# Betta Companion



## Cascademaster (Feb 28, 2011)

Hello, I just recently got a betta about a week ago, he's in a 2.5g tank. He's doing really well so far, but I was wondering if getting him a tankmate would be a good idea or not for the size of the tank. I've heard bettas can be paired with tetra, snails, crabs, frogs, and smaller fish that don't have long wavy fins. Any suggestions would be greatly appreciated. 

Here is a picture of his setup.


----------



## Malvolti (Nov 15, 2010)

For the tank size I would recommend no.

Remember, Bettas aren't like us. Just because they are alone doesn't mean they are lonely.
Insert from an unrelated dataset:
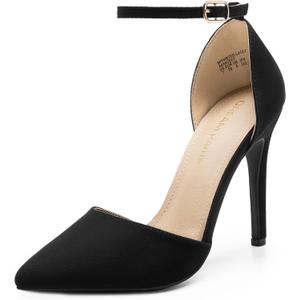 DREAM PAIRS Women's Oppointed-Lacey Pointed Toe Ankle Strap High Heel Stiletto Pumps Wedding Dress Shoes (8.5)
If you are set on getting a companion for your betta you are pretty much limited to one or two shrimp or a snail. Even then the snail can be iffy depending on the species. Some get too big for a 2.5 gallon.


----------



## LolaQuigs (Mar 28, 2010)

That size is too small for other fish companions. You could do a couple of small shrimp (though you need to be aware of the possibility that your betta could eat them) or a small species of snail. Again, the betta may harass or eat the snail, you never know. It all depends on the individual fish.


----------



## Cascademaster (Feb 28, 2011)

Ok thanks for the advice! I think I'll try a ghost shrimp and see if they get along ok, and I think I'm going to pass on the snail, I don't want things getting overly crowded in there.

Thanks again!


----------